The notion of terra nullius was later implicitly upheld in the Northern Territory supreme court’s 1971 Gove land rights case brought by the Yolngu people. It ruled that the crown had primacy over any Indigenous rights to the land (if such rights existed), which belonged to nobody at the time of British occupation. The Northern Territory supreme court justice Richard Blackburn famously said the people belonged to the land rather than the land to the people.

While government-granted land rights – and native title – continue to deliver too little real autonomy over some traditional lands to Indigenous people, the legal case of 33 Meriam people led by Eddie Koiki Mabo opened the possibility that Aboriginal and Torres Strait islanders could, through the invader’s court processes, have their enduring traditional laws and customs, and associations with land and the rights that ought to entail, acknowledged.

It is often referred to as a “historic” moment. It is in the truest sense a moment that upended white “Australian history” – when the state was forced to nod to the irrefutable primacy of a continental Indigenous land connection and custodianship, traditional law and some associated rights.
The highest court in the settler state had, after 222 years, acknowledged that the land did, in fact, belong to the blackfellas when the tall ships arrived.

Eddie Mabo had spent a lifetime fighting for acknowledgement of Meriam land rights.
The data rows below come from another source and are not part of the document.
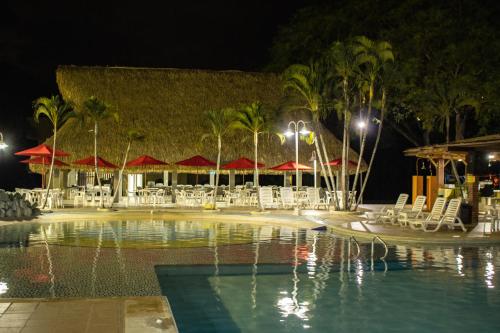 a pool with chairs and umbrellas at night at Hosteria Guaracú in San Jerónimo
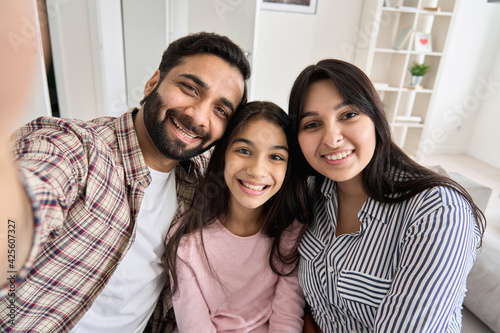 Canvas Print Happy indian couple and teen daughter taking selfie looking at phone camera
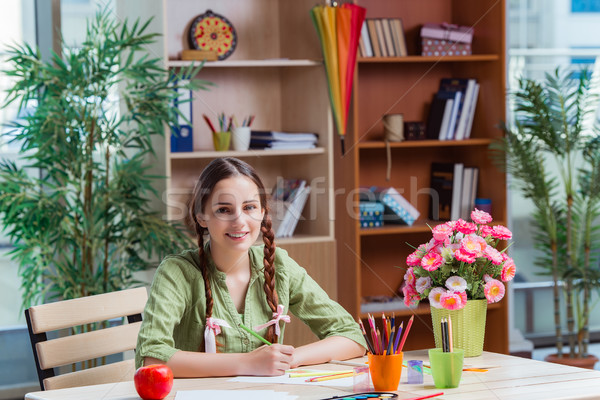 The young girl drawing pictures at home Stock photo © Elnur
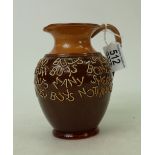 Royal Doulton stoneware jug: Doulton stoneware motto jug 'he who buys land..... Standing 14cm high.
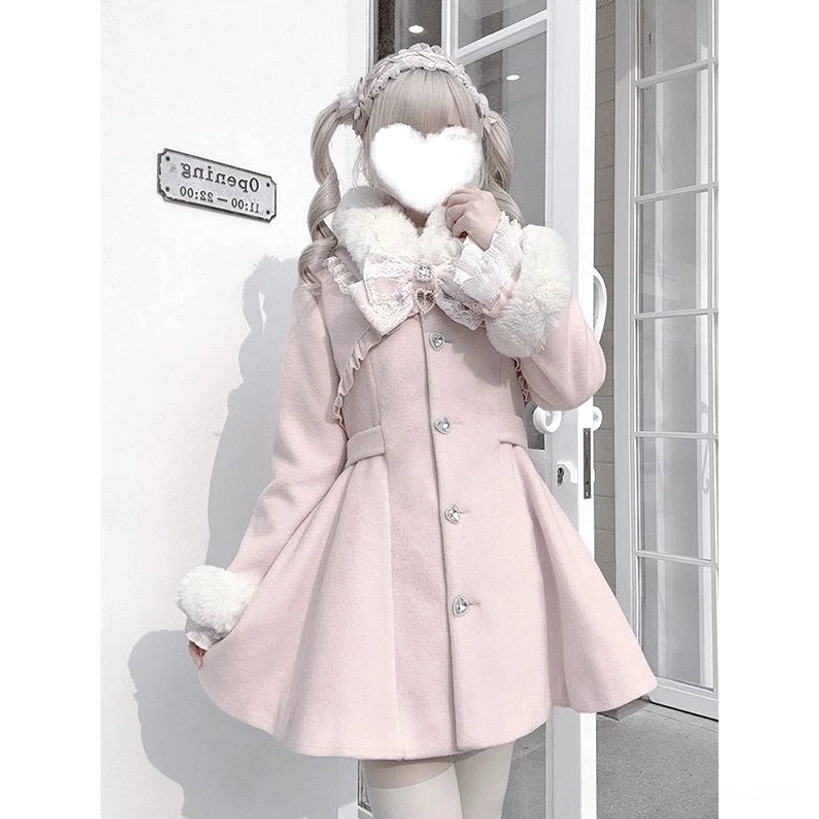 Ryousangata pink Jirai Kei winter coat front three-quarter view with detachable apricot faux fur collar and cuffs, dramatic lace bow chest piece, heart-shaped buttons, white glass storefront background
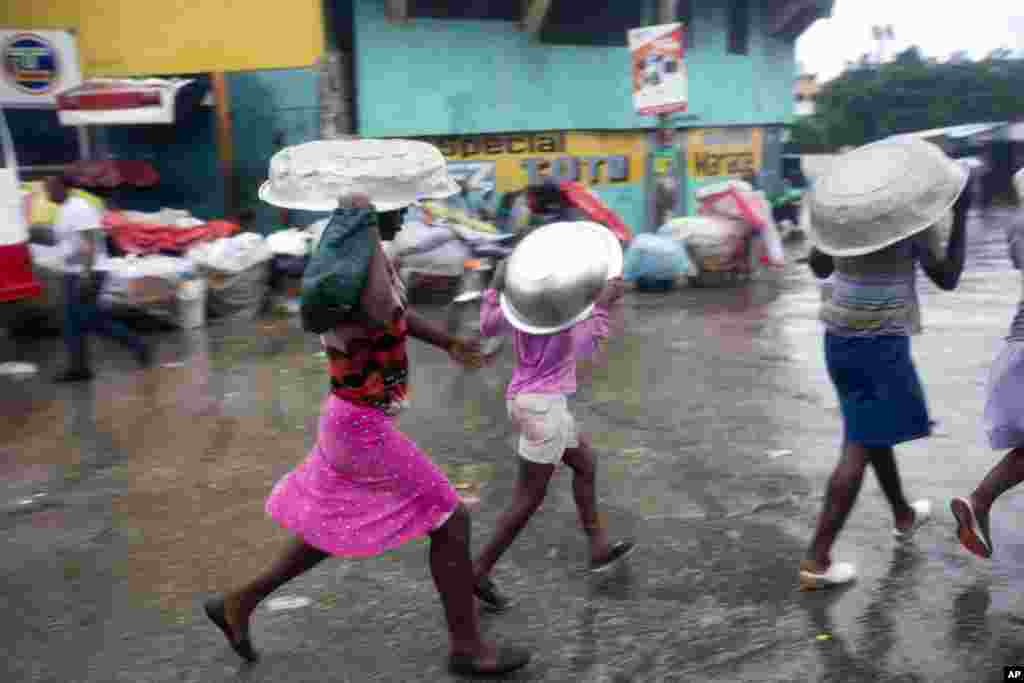 Warga menutupi kepalanya dengan panci saat berjalan di tengah hujan yang dibawa Badai Matthew di Port-au-Prince, Haiti (4/10). (AP/Dieu Nalio Chery)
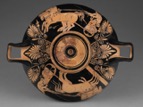 Pottery from ancient Greece with chariots painted on it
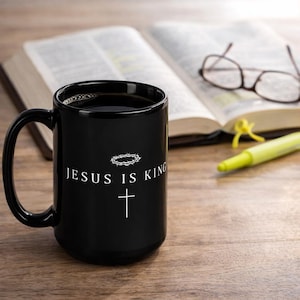 May include: A black ceramic mug with the text "JESUS IS KING" and a cross graphic. The mug is filled with a dark liquid and sits on a wooden surface next to an open book, glasses, and a highlighter.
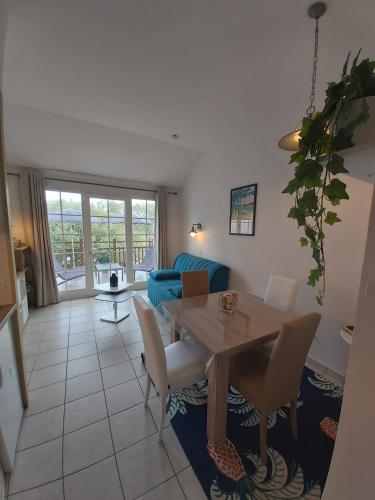 un salon avec une table et un canapé bleu dans l'établissement Superbe vue sur le golf, à Talmont-Saint-Hilaire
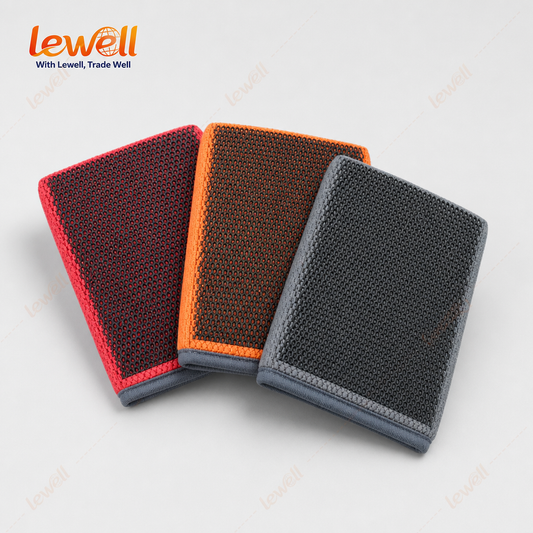 Three clay wash mitts in red, orange, and dark grey with grid texture and blue edging.
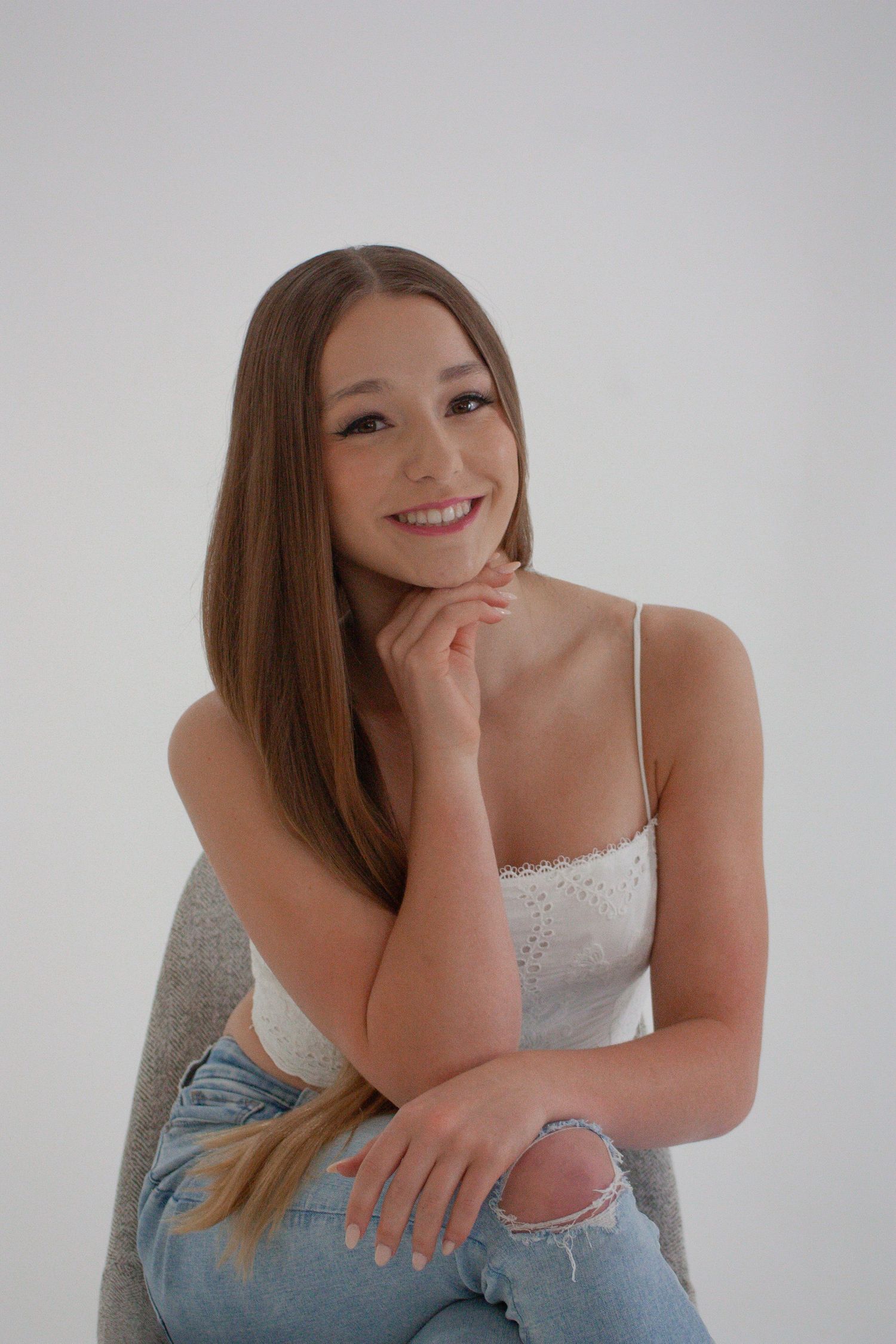 Young woman with long brown hair smiling warmly, wearing white crop top and ripped jeans in a bright studio.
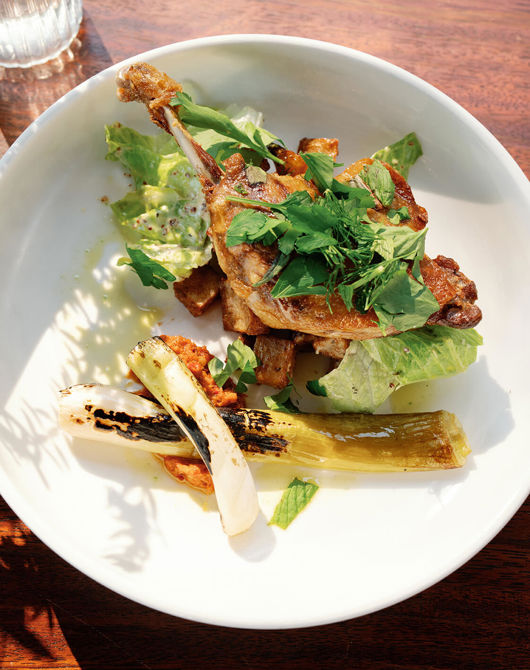 Roast duck with vegetables in a bowl on a table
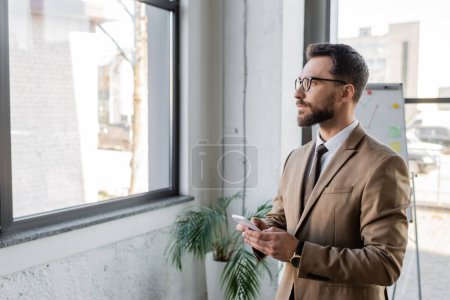 ernster bärtiger Geschäftsmann in beigem Blazer und Brille, Smartphone in der Hand, während er durchs Fenster schaut und in der Nähe von Flipchart und Topfpflanze im Büro denkt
He died five months before the high court’s ruling.

The Keating government’s 1993 Native Title Act clarified to some degree stakeholders’ legal positions and established a federal court process to deal with claims.

More than 40% of the continent is now covered by a combination of land rights (meaning, federal and state parliamentary social justice responses to claims such as that at Gove, by Gough Whitlam and state governments) and exclusive and non-exclusive native title.

But establishing native title is often extremely difficult and divisive, sometimes pitting claimant against claimant owing to the required proof of “continuous” connection to traditional lands from which First Peoples were eradicated or otherwise dispossessed during occupation and colonisation.

The antecedents of some claimants were forcibly shifted to missions and reserves. Their proof of connection to land often relies, ironically, on a combination of non-Indigenous anthropology, old, flawed white mapping and traditional story – oral history. It is a difficult two-way test of continuity of rights and interests under traditional law and maintenance of connection with lands and water since colonisation.

Predictably, perhaps, some hysteria that suburban backyards would be under threat from traditional ownership claims accompanied the Mabo decision and subsequent native title legislation. This was never a reality.

While native title can coexist in some circumstances with pastoral leases (leasehold overrides native title where rights conflict), “exclusive possession” may also exist only in certain places such as unallocated or vacant crown land – usually in the remote centre and north of the continent.

The bottom line where native title and the Australian court process meets: it’s easier for those whose connection to traditional land was less disrupted by invasion to assert their rights. This leads to conflicts over land between them and others who were more impacted and, therefore, find it harder to establish continuous connection.

So, while terra nullius was proved to be a laughable fiction, degrees of colonial disruption – or invasion – will now largely determine the success of native title claims.

And that’s another unjust, malevolent legacy of colonialism and occupation for Aboriginal and Torres Strait Islander people.